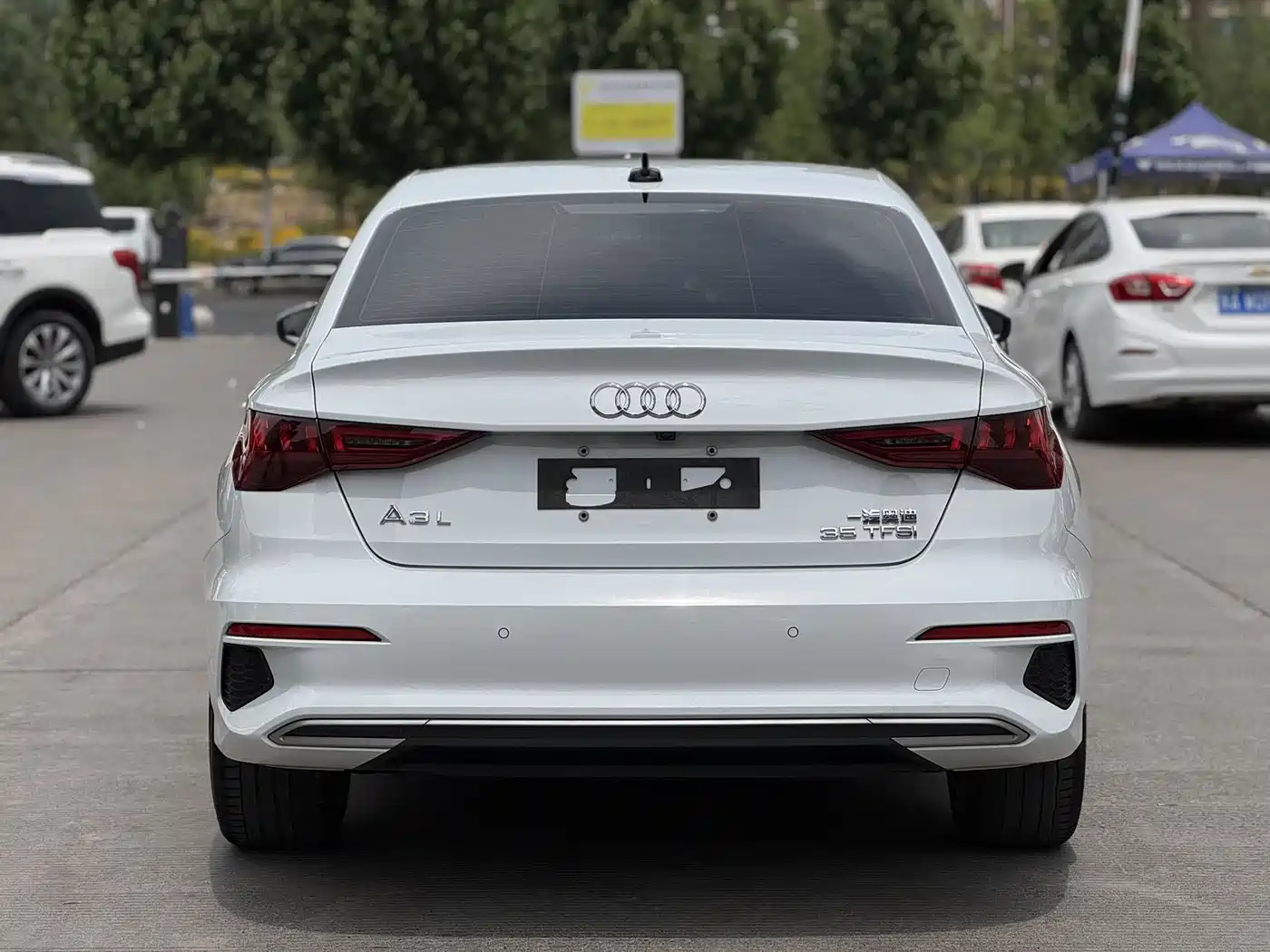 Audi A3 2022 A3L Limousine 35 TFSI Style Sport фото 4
----------------------------------------
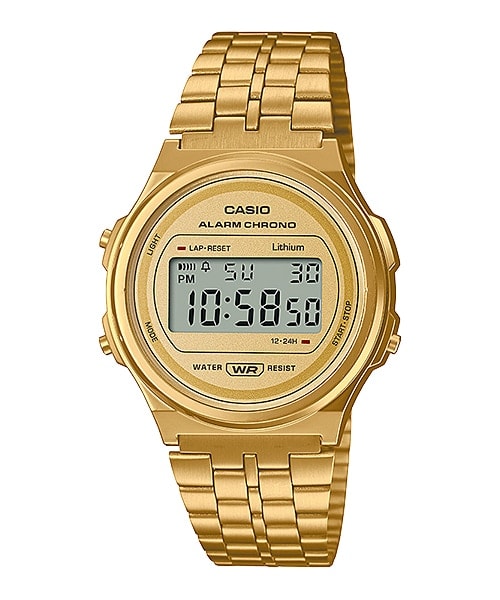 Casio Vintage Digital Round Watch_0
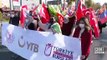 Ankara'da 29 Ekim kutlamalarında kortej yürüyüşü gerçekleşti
----------------------------------------
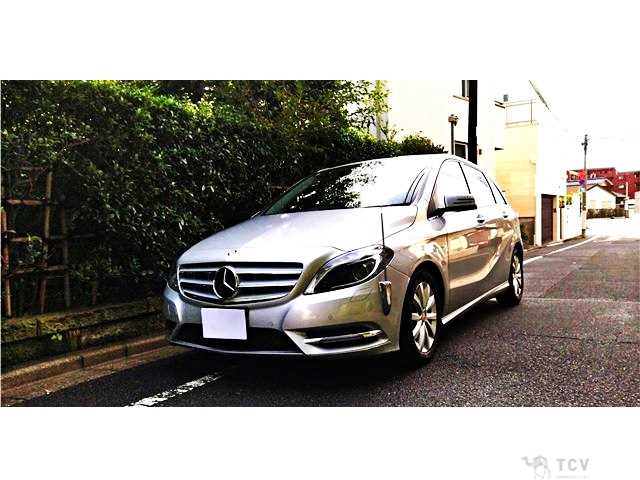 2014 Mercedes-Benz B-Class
----------------------------------------
- _EXERCISE OBJECTIVE_
Retype, exactly and with no pictures, everything above from the line with "Casio Vintage Digital Round Watch_0" down to the line with "Ankara'da 29 Ekim", both included.

- _SOLUTION TO THIS PROBLEM_
 Casio Vintage Digital Round Watch_0
 Ankara'da 29 Ekim kutlamalarında kortej yürüyüşü gerçekleşti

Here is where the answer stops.